BEGIN

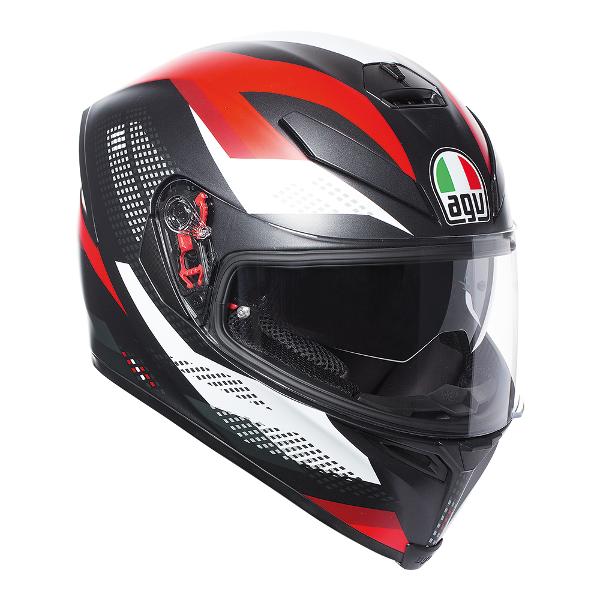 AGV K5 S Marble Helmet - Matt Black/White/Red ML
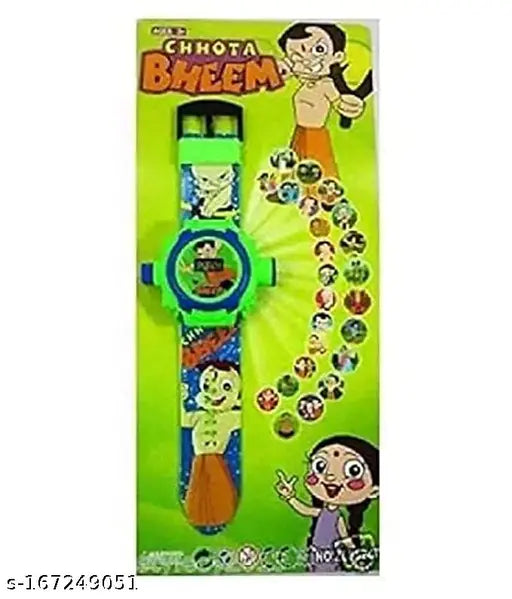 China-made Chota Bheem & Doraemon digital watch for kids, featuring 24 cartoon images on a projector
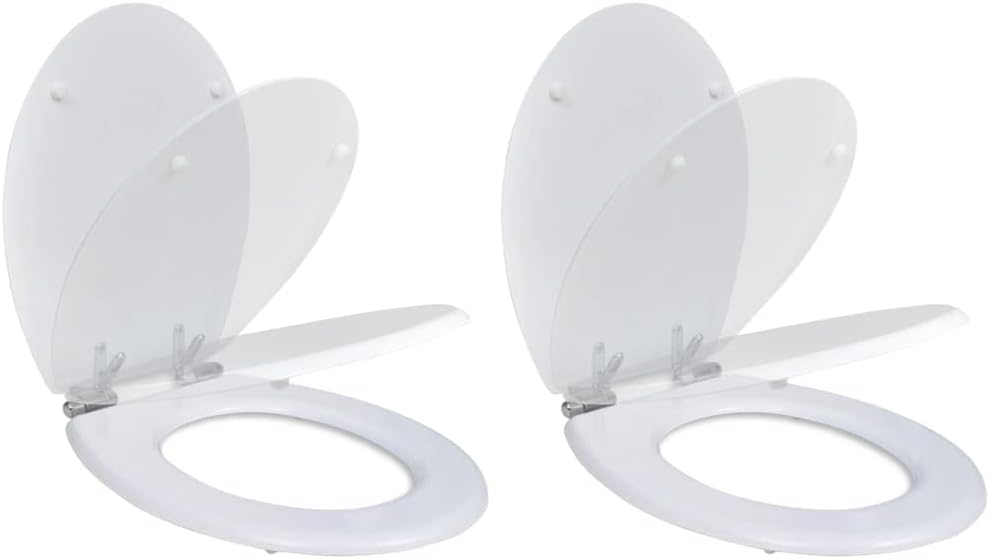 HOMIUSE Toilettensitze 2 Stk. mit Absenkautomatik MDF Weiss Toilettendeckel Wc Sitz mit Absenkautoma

END
BEGIN

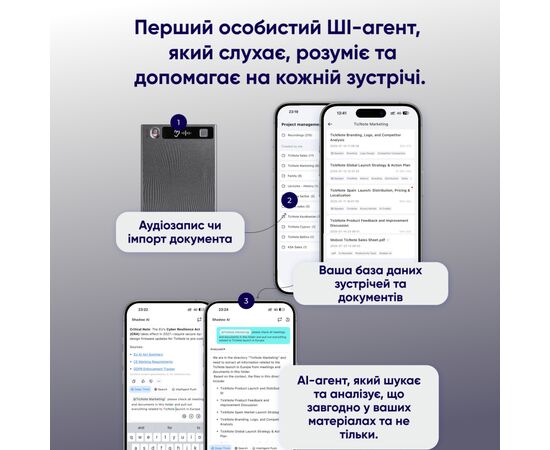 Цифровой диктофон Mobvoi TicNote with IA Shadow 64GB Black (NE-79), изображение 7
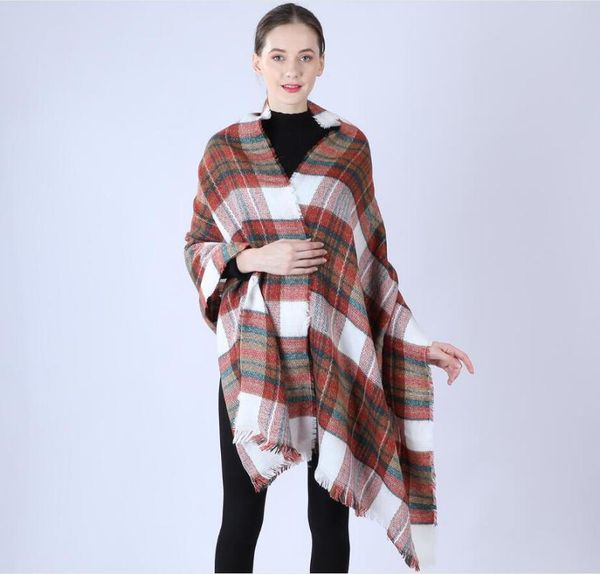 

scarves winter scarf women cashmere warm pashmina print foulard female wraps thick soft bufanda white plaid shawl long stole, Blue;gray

END

> **WHAT TO WORK ON**: Could you write out exactly the lines of the data above that run from the one holding "AGV K5 S Marble" to the one holding "HOMIUSE Toilettensitze 2", with both ends in and all pictures out?

> **WRITTEN REPLY**:
 AGV K5 S Marble Helmet - Matt Black/White/Red ML
 China-made Chota Bheem & Doraemon digital watch for kids, featuring 24 cartoon images on a projector
 HOMIUSE Toilettensitze 2 Stk. mit Absenkautomatik MDF Weiss Toilettendeckel Wc Sitz mit Absenkautoma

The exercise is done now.